Prenons comme exemple le récit originel de la génèse selon la bible : Après avoir crée le monde en six jours, Dieu forme ADAM, le premier "homme", à partir de poussière. Celui-ci vit dans le jardin d'Eden en cultivant la terre et en mangeant les fruits qui s'y trouvent, à l'exception du fruit défendu qui pousse sur l'arbre de la connaissance du bien et du mal. Puis voyant qu'Adam se sent seul malgré qu'il soit entouré d'animaux, il façonne EVE à partir de l'une de ses côtes, après l'avoir plongé dans un profond sommeil. C'est la première polarité/dualité sexuelle. Il s'ensuit l'épisode de la tentation par le serpent: Malgré l'interdiction, Adam et Eve mangent le fruit défendu qui est sensé les rendre semblables à Dieu en leur "ouvrant les yeux". C'est le fameux péché originel qui entraine la chute de l'humanité. Adam et Eve sont alors condamnés à travailler, enfanter dans la douleur, et devenir mortels.

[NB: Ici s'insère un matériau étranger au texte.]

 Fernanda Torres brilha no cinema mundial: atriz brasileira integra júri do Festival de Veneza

Naturellement, (com)prise littéralement, une telle histoire ne convaincrait pas un enfant de cinq ans. Mais si l'on prend du recul, de multiples interprétations s'offrent à nous en fonction de la signification que l'on donne à chacun des symboles qui composent cette histoire. Il est tout à fait possible de rejeter ce que la religion catholique a fait de ce récit, sans jeter le bébé avec l'eau du bain. Comme nous allons le voir à présent, un enseignement non-duel tel qu'un Cours en Miracles propose une autre version. Celle-ci est difficile à entendre, non parce qu'elle est illogique ou farfelue, mais simplement parce que les dogmes de la bible se sont cristallisés dans notre inconscient collectif au fil des siècles. Nous préférons alors écouter (voir croire) une histoire à dormir debout qui nous est familière plutôt qu'une approche plus cohérente et plus subtile qui dérange notre confort d'esprit et nos croyances.

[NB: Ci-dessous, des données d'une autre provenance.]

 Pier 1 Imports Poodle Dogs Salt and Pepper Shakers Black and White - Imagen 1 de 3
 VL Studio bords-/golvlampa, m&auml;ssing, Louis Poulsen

La métaphore proposée par un Cours en miracles nous enseigne donc qu’au départ (ou plutot hors du temps, avant le temps) Dieu est tout ce qui EST. Dieu est la première cause, et la seule. Il a créé son unique fils, qui est l’effet : “la Filialité”. Ils cohabitent en parfaite harmonie et sont à jamais inséparables. La filialité crée, “s'augmente” à la manière de Dieu, en s’étendant continuellement, en Esprit (pas de façon spatiale). Disons-le; la « création » au Ciel est incompréhensible de notre point de vue et n’a pas le même sens que celui donné dans ce monde, ou nous “ faisons des choses”. Notre mental et notre langage excessivement limités peuvent-il décrire ce qui est illimité, infini, au-delà de l’espace et du temps, hors de toute perception et de toute conscience ? Il s'agit d' une expérience que chacun vivra le moment venu. Mais si l'unité de Dieu est inaltérable, qu'est-il donc arrivé au ciel pour en arriver à notre condition actuelle ?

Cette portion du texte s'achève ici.